Similarly, you can view a database by calling ae %>% serve.

2.5 Functions introduced in this chapter

  • create_emuRdemoData(): downloads an online demo database
  • list.dirs() and list.files(): lists the directories or files within a directory on your computer
  • file.path(): returns the location of a directory on your computer
  • load_emuDB(): loads an emuDB into the R environment
  • summary() lists the salient contents of an emuDB
  • list_bundles(): lists the so-called bundles of an emuDB
  • list_levelDefinitions(): lists the annotation levels of tiers of an emuDB
  • list_attributeDefinitions(): lists the attribute tiers of an annotation tier
  • list_linkDefinitions(): lists the links between the tiers of an emuDB
  • list_ssffTrackDefinitions(): lists the available signal files of an emuDB
  • serve(): view and annotate an emuDB
  • get_signalCanvasesOrder(): shows what signals are being displayed when serve() is launched.

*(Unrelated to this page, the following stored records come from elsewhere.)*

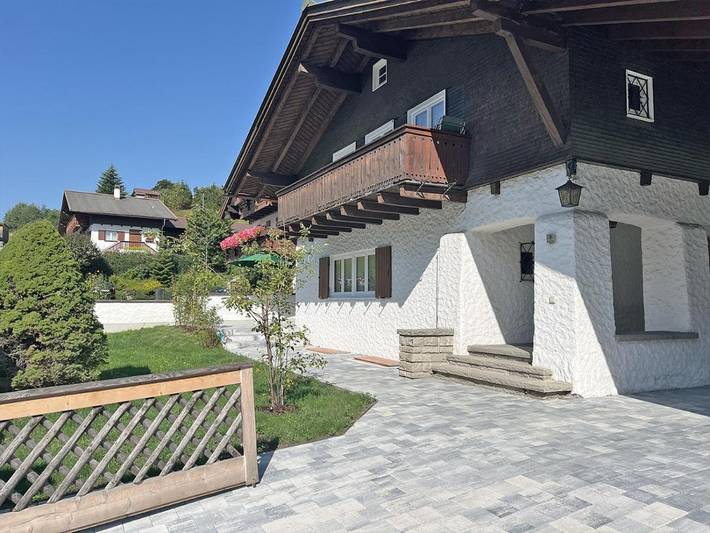 Ferienhaus für 8 Personen, mit Balkon und Terrasse sowie Garten und Ausblick
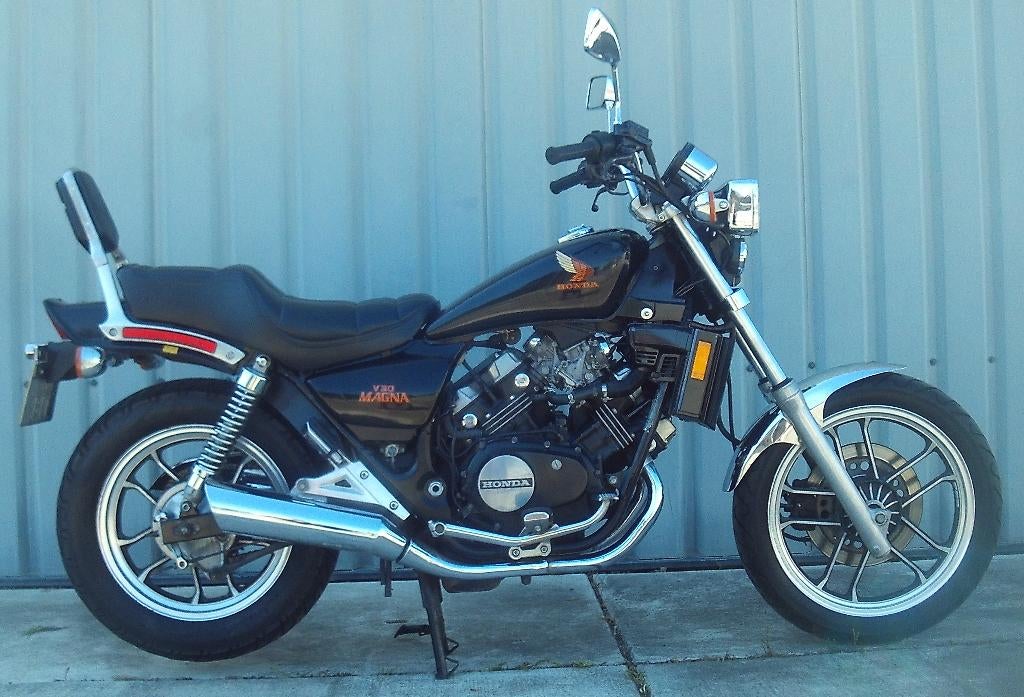 Ingeruild : Honda VF500C Magna / 1984 / 31675 km. / Zwart, Motoren, Motoren | Honda, 4 cilinders, Meer dan 35 kW, Handgeschakeld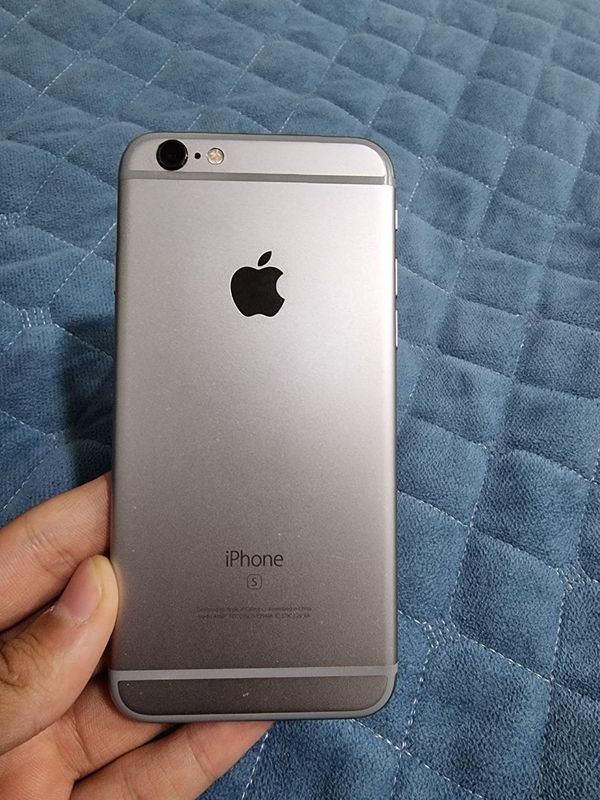 iPhone 6s Sotiladi aybi yoq bunaqasi yoq yoki qimmat iPhone 6s Sotiladi aybi yoq bunaqasi yoq yoki qimmat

  • set_signalCanvasesOrder(): changes the signals to be displayed.
  • add_signal_canvas(): adds one or more signals to the default display perspective (requires the emuhelpeR package)
  • reset_signal_canvas(): resets the default display perspective so it shows the waveform and spectrogram (requires the emuhelpeR package)
  • get_levelCanvasesOrder(): shows what annotation levels are being displayed when serve() is launched.
  • set_levelCanvasesOrder(): changes the annotation levels to be displayed.